TASK STATEMENT
The range runs from the line containing "A pair of carved" to the last line of the entries. Restate those lines word for word, without the pictures.

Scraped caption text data
====================

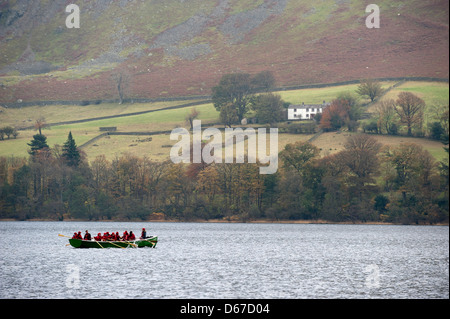 Young school children canoeing on Ullswater in the English Lake District. Stock Photo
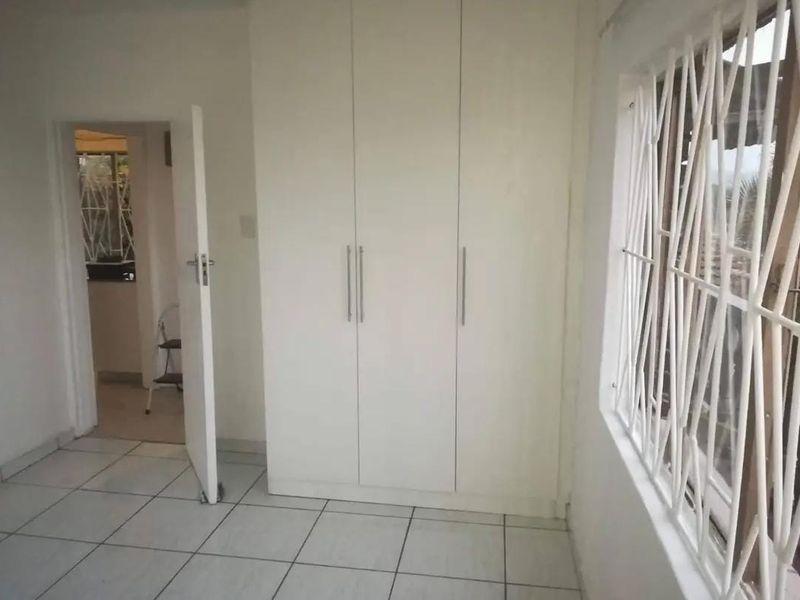 A clean, empty bedroom featuring white built-in cupboards, tiled flooring, and security bars on the window.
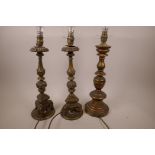 A pair of carved wood and plaster table lamps in the form of candlesticks, 17" high, and a similar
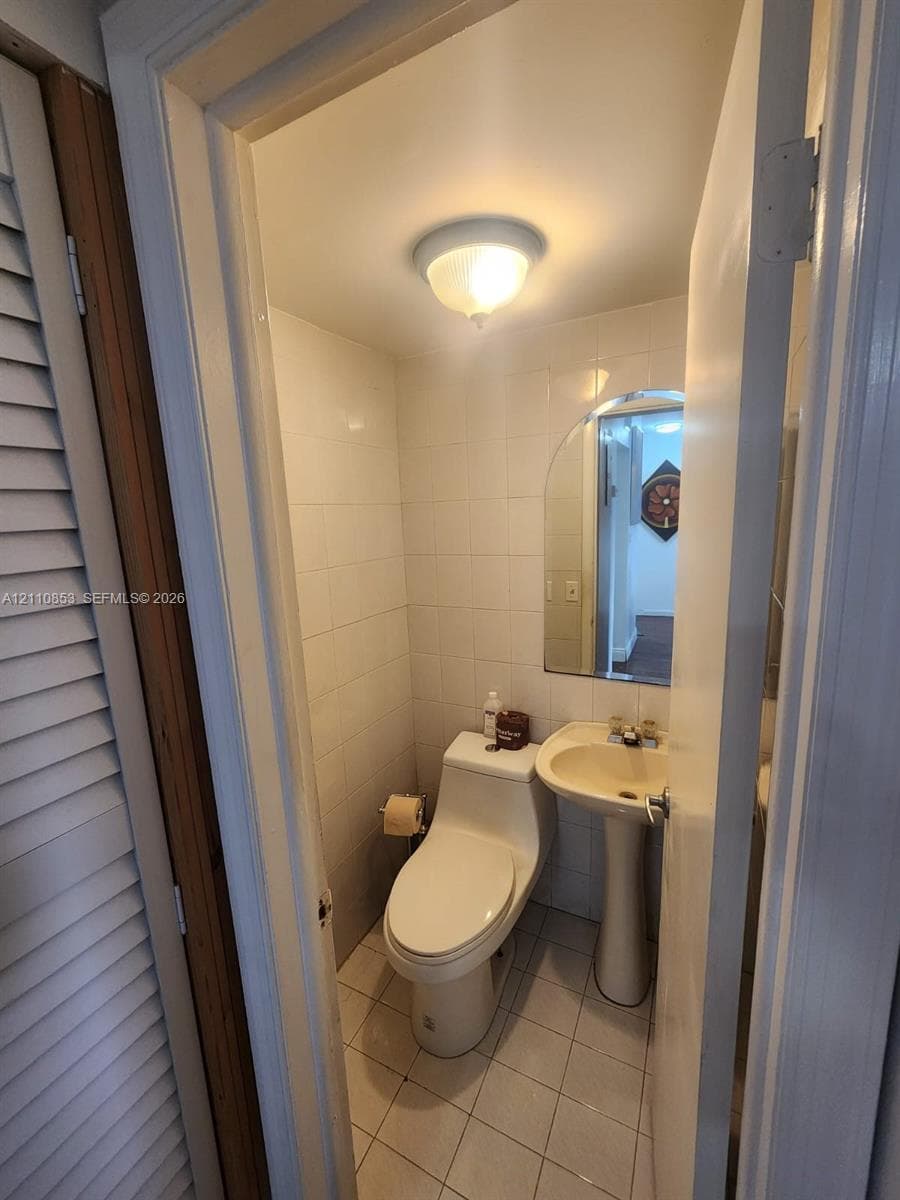 Half bathroom featuring a pedestal sink, arched wall mirror, ceramic tile flooring, and white wall tile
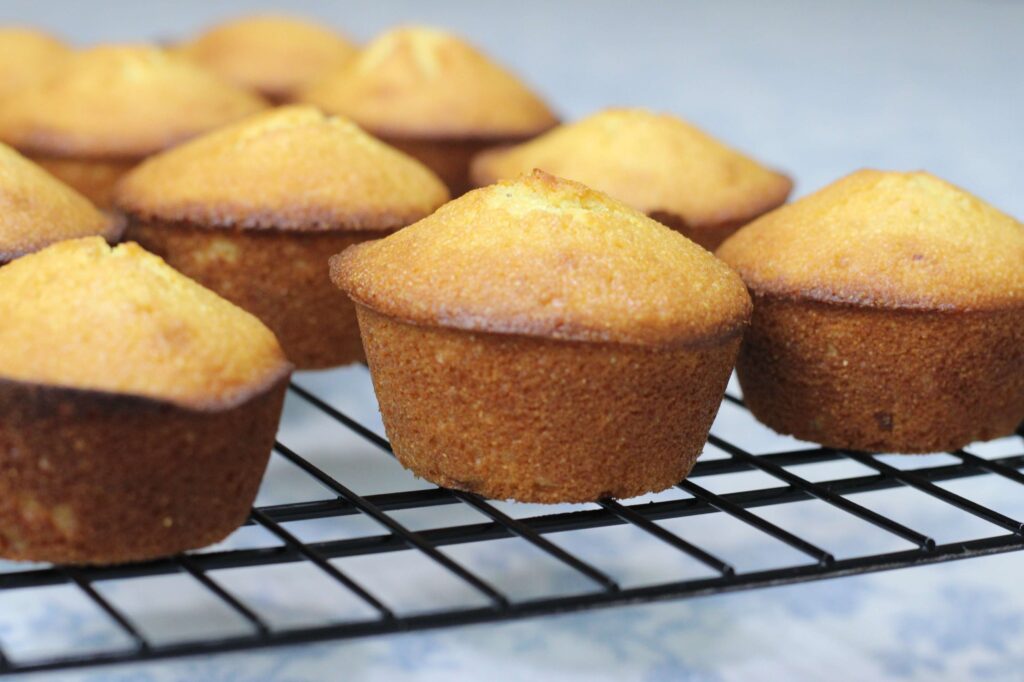 cornbread muffins cooling on black wire rack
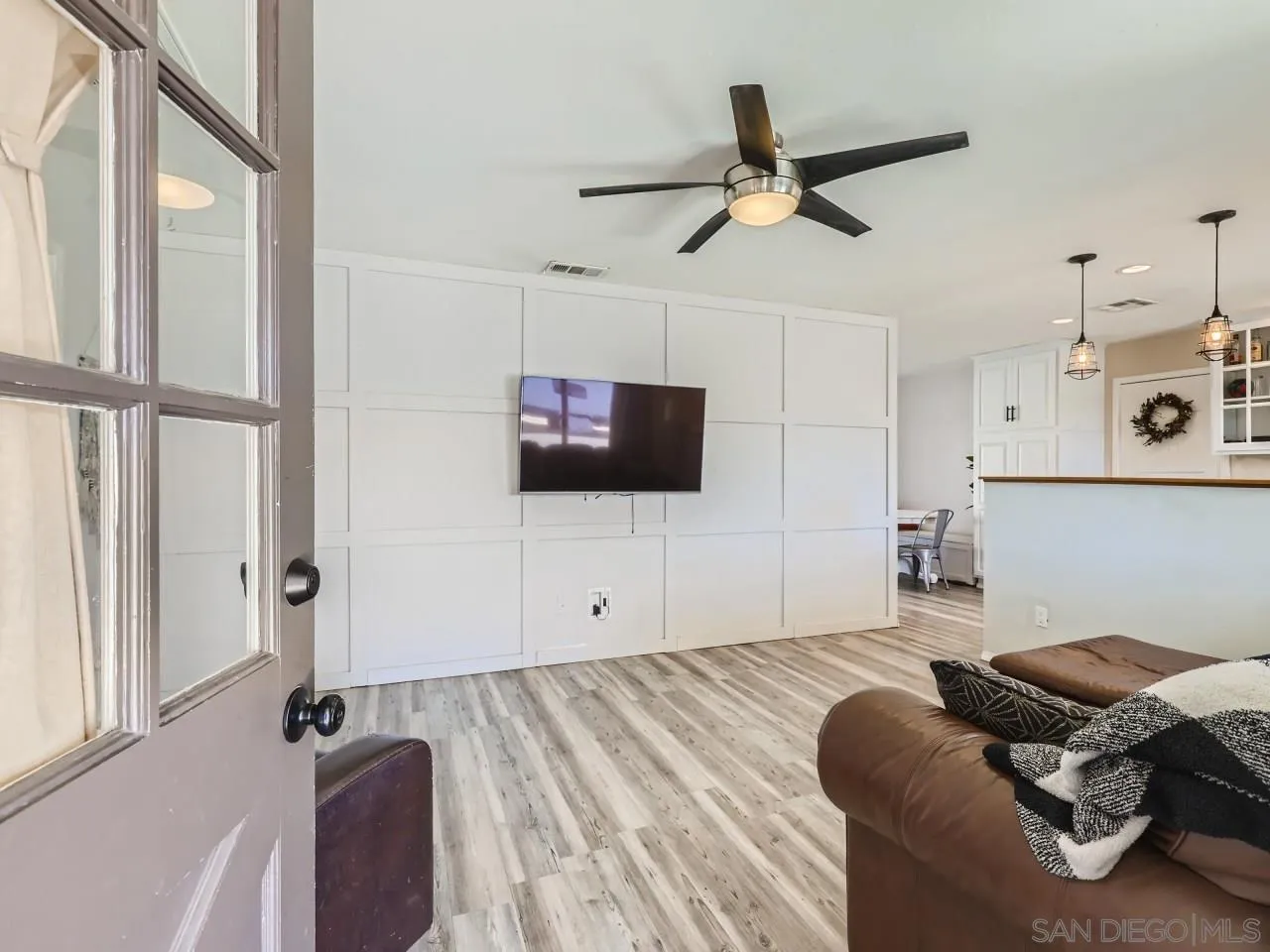 9456 Domer Road Santee, CA 92071 - Photo 5 of 30 a living room with furniture and a flat screen tv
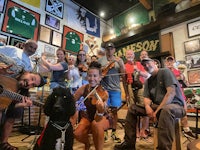 a group of people posing for a picture in a bar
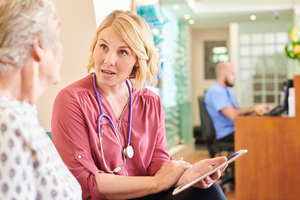 female patient chats to the doctor in the waiting room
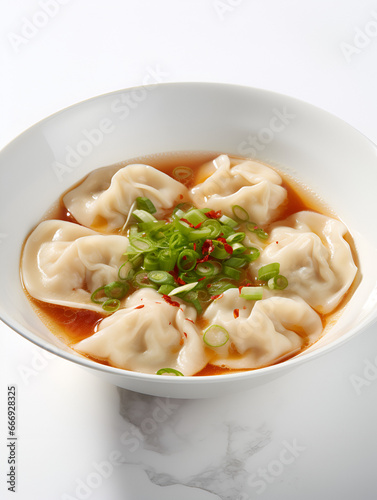 Delicious spicy soup with dumplings, traditional Chinese food on white background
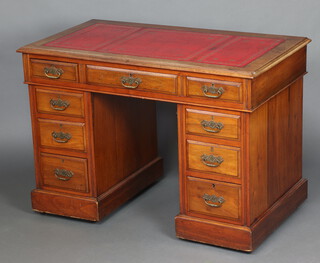 A Victorian mahogany pedestal desk with inset red leather writing surface above 1 long and 8 short drawers 74cm h x 107cm w x 60cm d 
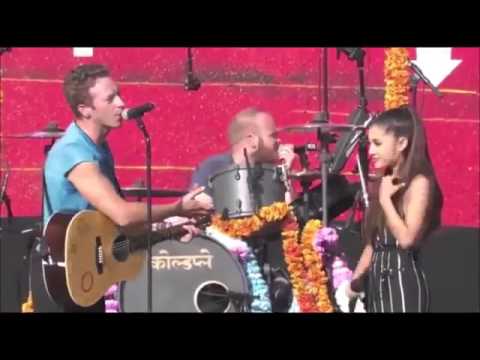 Chris Martin and Ariana singing "Just A Little Bit Of Your Heart" written by Harry on @GlblCtzn!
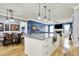 Spacious open living area with kitchen island, dining table and comfortable seating by a fireplace at 12999 Deerstyne Green St, Carmel, IN 46032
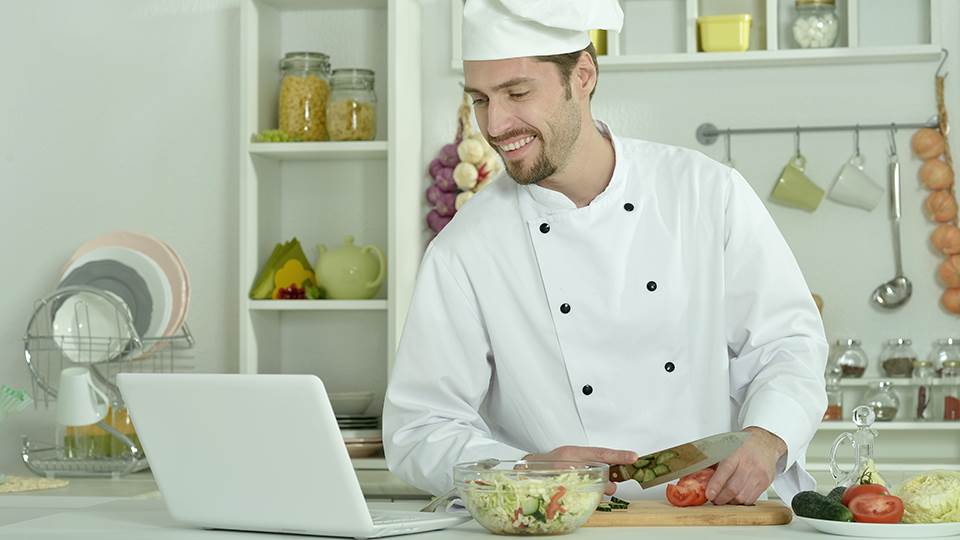chef in kitchen with computer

====================

RESULT
 A pair of carved wood and plaster table lamps in the form of candlesticks, 17" high, and a similar
 Half bathroom featuring a pedestal sink, arched wall mirror, ceramic tile flooring, and white wall tile
 cornbread muffins cooling on black wire rack
 9456 Domer Road Santee, CA 92071 - Photo 5 of 30 a living room with furniture and a flat screen tv
 a group of people posing for a picture in a bar
 female patient chats to the doctor in the waiting room
 Delicious spicy soup with dumplings, traditional Chinese food on white background
 A Victorian mahogany pedestal desk with inset red leather writing surface above 1 long and 8 short drawers 74cm h x 107cm w x 60cm d 
 Chris Martin and Ariana singing "Just A Little Bit Of Your Heart" written by Harry on @GlblCtzn!
 Spacious open living area with kitchen island, dining table and comfortable seating by a fireplace at 12999 Deerstyne Green St, Carmel, IN 46032
chef in kitchen with computer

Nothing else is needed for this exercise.